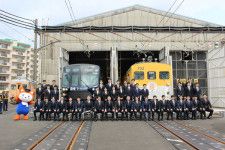21000系の「相鉄・東急横浜線 開業1周年記念号」とモヤ700系が入社式に（乗りものニュース編集部撮影）。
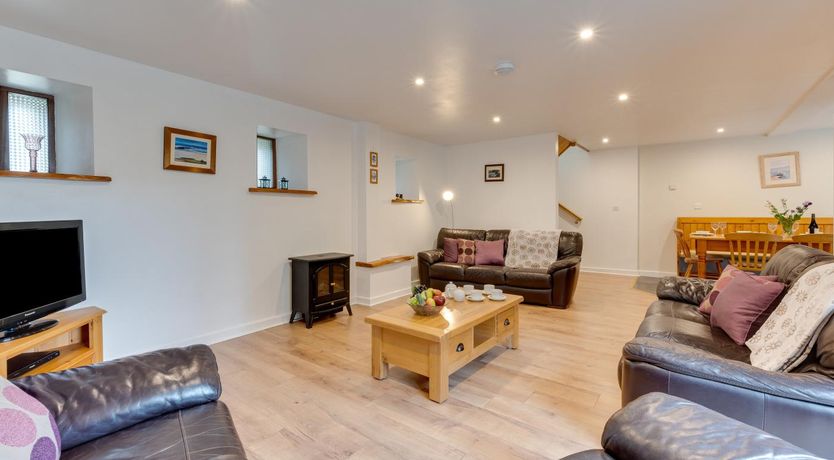 Photo of 1 Bed in St. Merryn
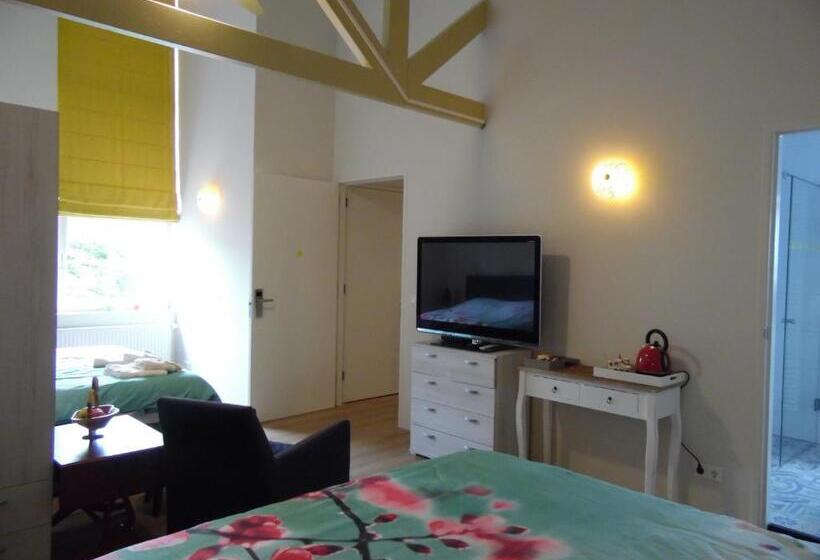 اتاق لوکس چهار تخته, Cozy Bed And Breakfast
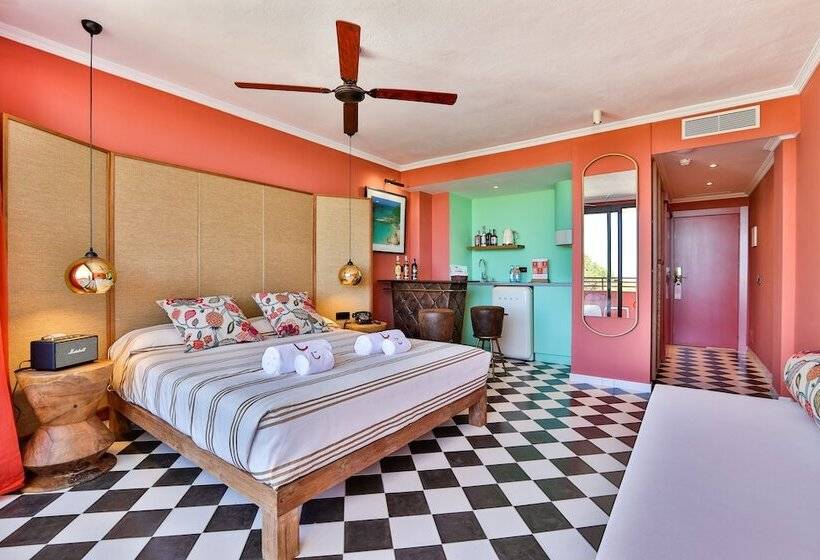 Полулюкс, Cubanito Ibiza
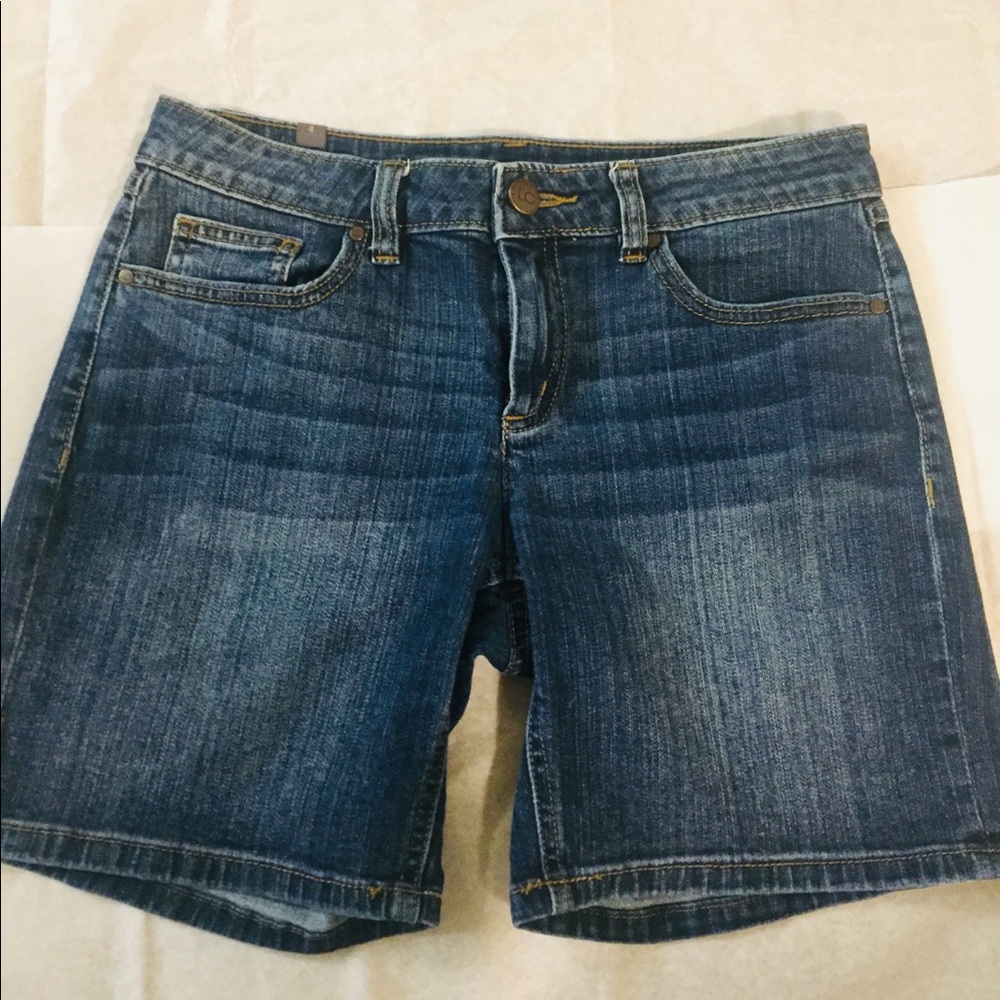 Lauren Conrad Size 4 Shorts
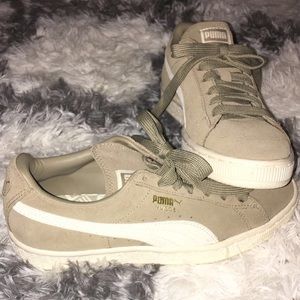 Brand new puma sneakers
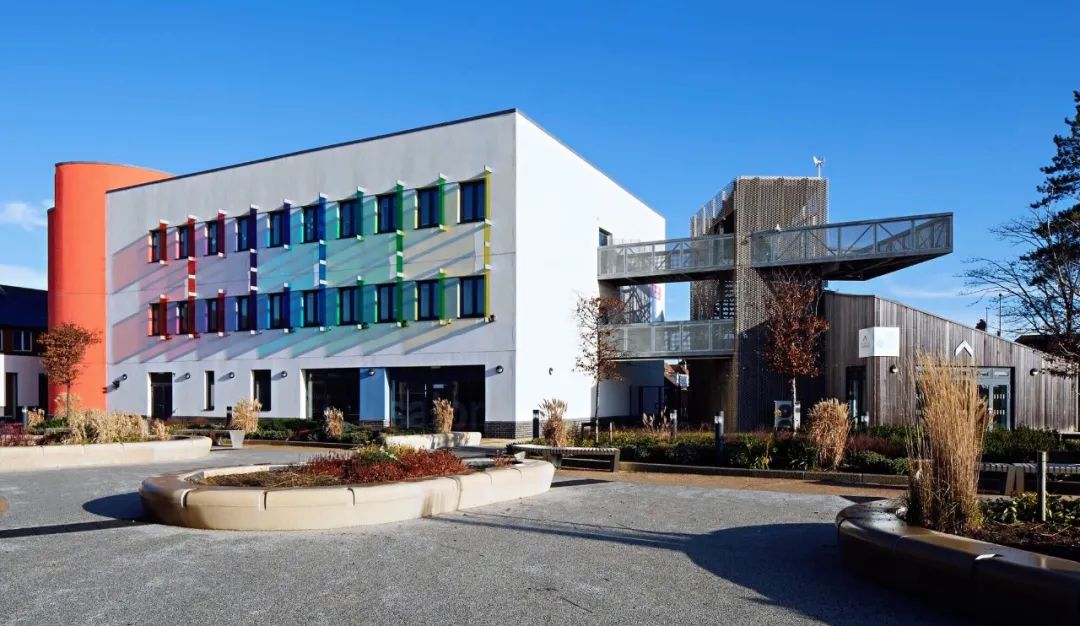 MET布莱顿城市学院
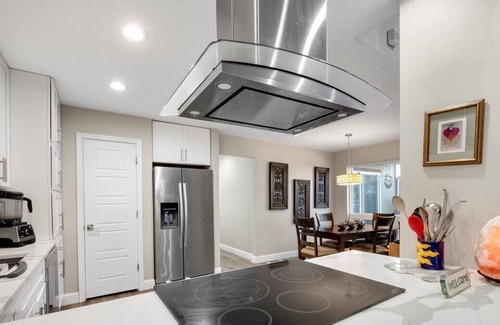 Lake Highlands House | Two bedroom Remodeled townhome with 2 baths, hot tub, community pool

▶ _Task_
The expected output is the lines from the line that contains "Lauren Conrad Size 4 Shorts" through the last line of the material, reproduced exactly, with both ends present and pictures absent.

▶ _Result of this exercise_
 Lauren Conrad Size 4 Shorts
 Brand new puma sneakers
 MET布莱顿城市学院
 Lake Highlands House | Two bedroom Remodeled townhome with 2 baths, hot tub, community pool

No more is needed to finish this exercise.